**EXERCISE**
What is needed is an exact copy of every line from the one containing "Трибуны вымыты, плакаты" through the end of the entries; please set it down without any pictures.

Data entries:
┄┄┄┄┄┄

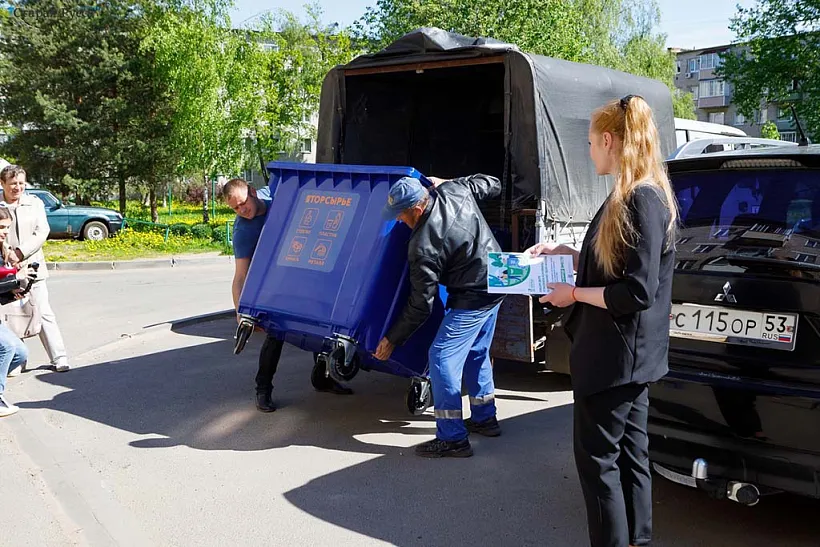 В&nbsp;Старой Руссе появились контейнеры для&nbsp;раздельного сбора отходов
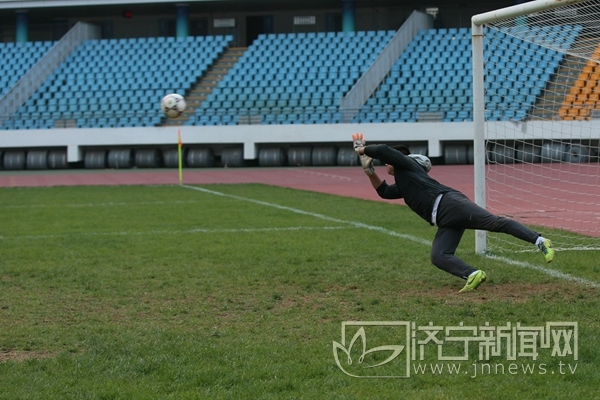 济宁足球队争霸赛,2014谁是球王足球比赛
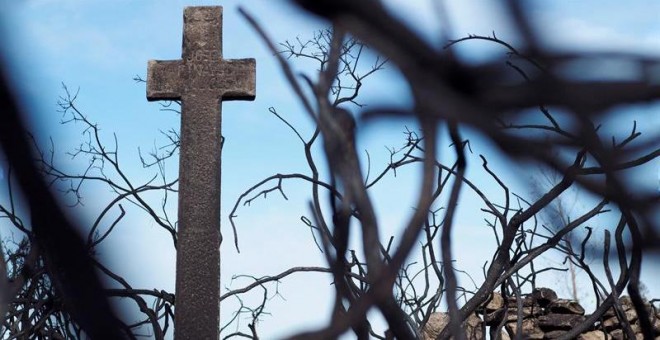 Detalle de una sepultura del cementerio de Curbian, cerca de Palas de Rei (Lugo).- EFE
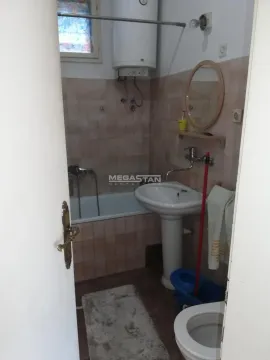 Prodaja, kuća, 181m², Zemun Gornji Grad, Zemun Sve Podlokacije - image 8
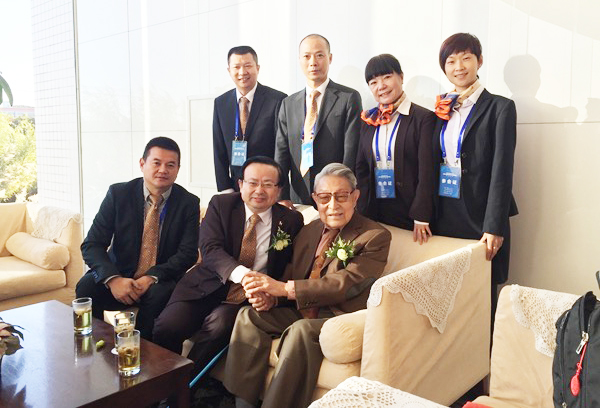 陈琳教授与伦华教育团队合影.jpg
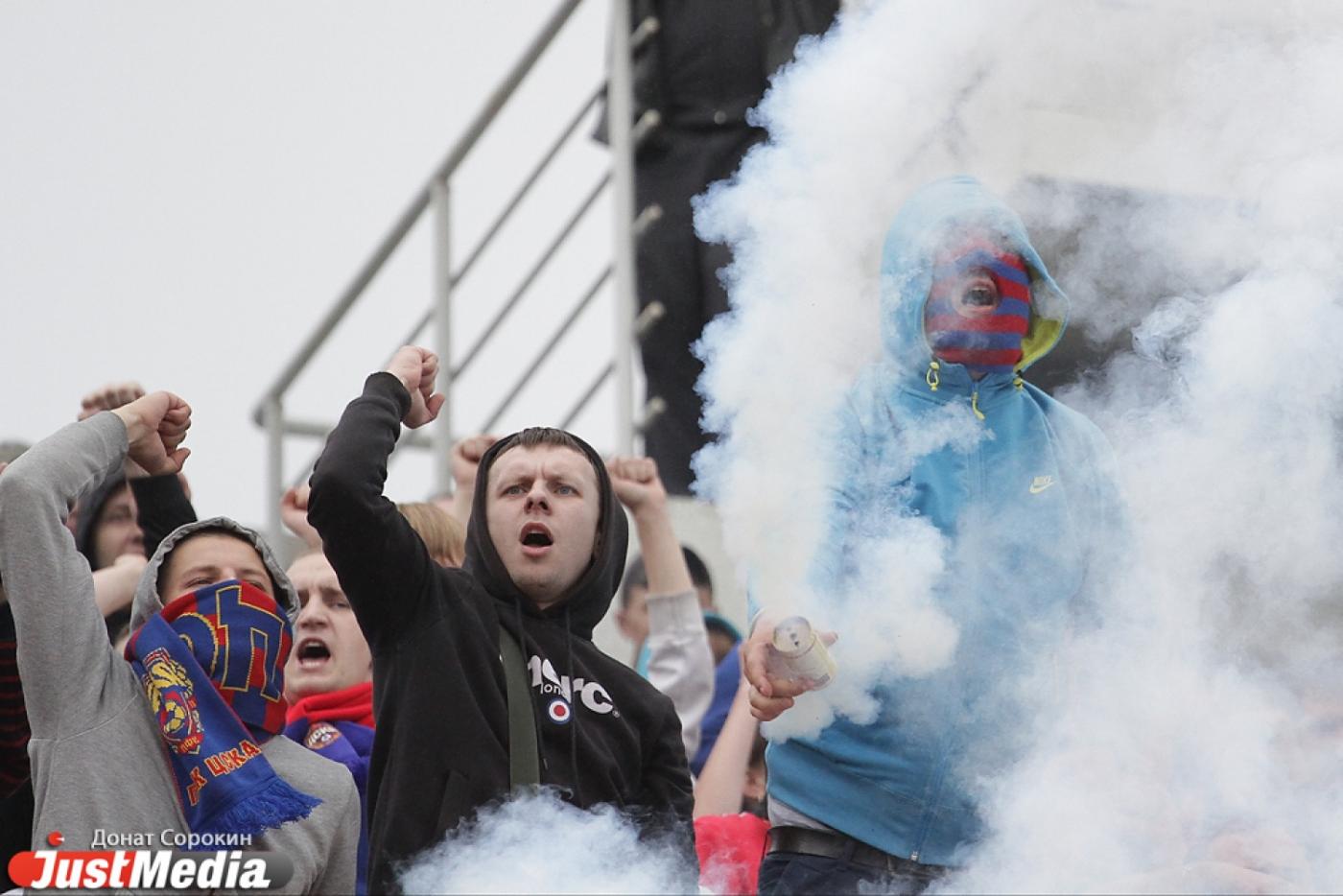 Трибуны вымыты, плакаты проверены, дороги перекрыты. Болельщики и спецслужбы готовятся к матчу «Урал»—ЦСКА - Фото 1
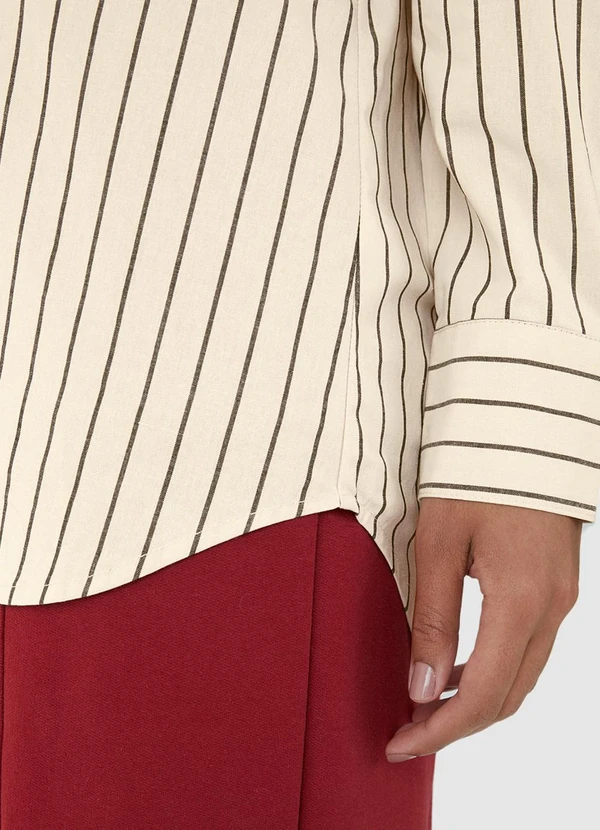 Malwee - Camisa Feminina Ampla Listrada Marrom 4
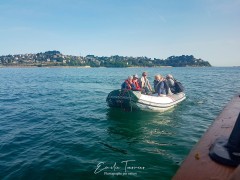 L'annexe du bateau pour des prises de vue au ras de l'eau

┄┄┄┄┄┄

**ANSWER TO THE PROBLEM**
 Трибуны вымыты, плакаты проверены, дороги перекрыты. Болельщики и спецслужбы готовятся к матчу «Урал»—ЦСКА - Фото 1
 Malwee - Camisa Feminina Ampla Listrada Marrom 4
 L'annexe du bateau pour des prises de vue au ras de l'eau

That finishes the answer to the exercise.